We had glimpsed bits of these mosaics in 2013, 2014 & 2016.  Before that, in 2000, Cotswold Archaeology had uncovered an area and Roger Goodburn revealed other sections in 1990.

We thought that everything had been uncovered by James Farrer in the 1860s.. but this year, we revealed sections of mosaic, particularly along the south side of the reception hall, which were still covered by late Roman building debris..mainly roof tiles and rubble. Simon identified a coin we found here as belonging to Theodosius I (AD 379-395), one of the last Roman emperors to circulate coins in Britain.

This rubble was not a pristine collapse of debris, left where it had fallen after the villa roof fell in. It was a remnant..picked over for goodies perhaps in the 6th-10th centuries. However, we have identified nothing later than the Theodosian coin in this stuff so far.

By the close of the excavation, we had uncovered sections of mosaic covering an area over 30m long and 6m wide. At times, it seemed, we had taken on something over-large ..but the weather, although very hot, helped us work together to achieve the hoped for result. More survived under the tarmac and grass than we suspected.

As we reburied them… we wondered what world the mosaics would be exposed to when eventually uncovered again.

Last year, we excavated the mosaic in Room 28. It was perhaps used as a summer dining room…so lets imagine and go for a stroll with the owner… after a meal taken here in the late 4th century.

We walk from the room and enter the 3m wide corridor with its hopscotch pattern of decorated squares, each a different design. We progress west as far as a chequerboard mosaic doormat in front of a broad stone threshold.

Perhaps servants are here to open the double doors for us and we step into the great reception room. It stretches before us now.. long and broad and high.. decorated with brightly coloured panels of painted wall plaster. The floor is beautiful .. we know it now. Intricate grouped geometric designs  bordered by 3 bands of alternating white and red tesserae with a broader white band around the edge of the room.

Half-way along, on the south, is a stepped? external entrance into the courtyard. Although the archaeology was badly damaged here, lines of dressed stones suggest a doorway …and it would be expected.

We still stand in the corridor doorway and directly in front of us at the other end of the room are the kerbstones which mark the entrance to the colonnade leading to the West Range of the villa and the flight of steps which lead to the baths.

Jutting into the courtyard at the south-west corner of the reception hall is the ornate square water feature which we excavated in 2014. Another revelation of the grandeur of this place.

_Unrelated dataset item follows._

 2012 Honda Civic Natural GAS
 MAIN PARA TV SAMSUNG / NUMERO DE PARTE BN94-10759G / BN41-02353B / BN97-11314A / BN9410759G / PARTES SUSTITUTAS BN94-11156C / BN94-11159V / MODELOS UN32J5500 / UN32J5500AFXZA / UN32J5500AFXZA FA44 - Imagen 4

To the right of this, the red stripe border turns west at right angles to mark the position of a foundation (utilising an earlier wall line), a secure foundation for a heavy imposing decorative feature, built against the centre of the room’s west wall. We can imagine an important fixed feature. Perhaps the statue of a god, an ancestor or emperor. From here, leading north, a flight of steps carries us into…the owner’s office. A place of discussion, business and command. This is Room 24, where, in 2014, we found the evidence of the raised pillar hypocaust.

This year, the fragment of carved stone, Nancy found, is thought to come from an ornate stone side table which is evidence for the furniture which once graced this room. We can place this with our exotic eastern mediterranean marble fragment found near the centre of this room in 2014.

Towards the east end of this north wall would have been another door. This time into Room 25 but an entrance less imposing. It did not need steps to enter because Room 25 has a channeled hypocaust .. so the floor was built at the same level as the reception room. The evidence for this doorway is a concentration of erosion, the mosaic floor worn away by 5th to 6th century footfall.. repaired with only mortar and clay at a time when the Romano-British economy had fallen apart and the mosaicists had ceased to trade.

The steps and statue focus on Room 24 ….as the centre of power.

Steve has identified an unexpected change in the central mosaic pattern design and perhaps this pointed to the position of the doorway into the courtyard….but it may just be a mistake.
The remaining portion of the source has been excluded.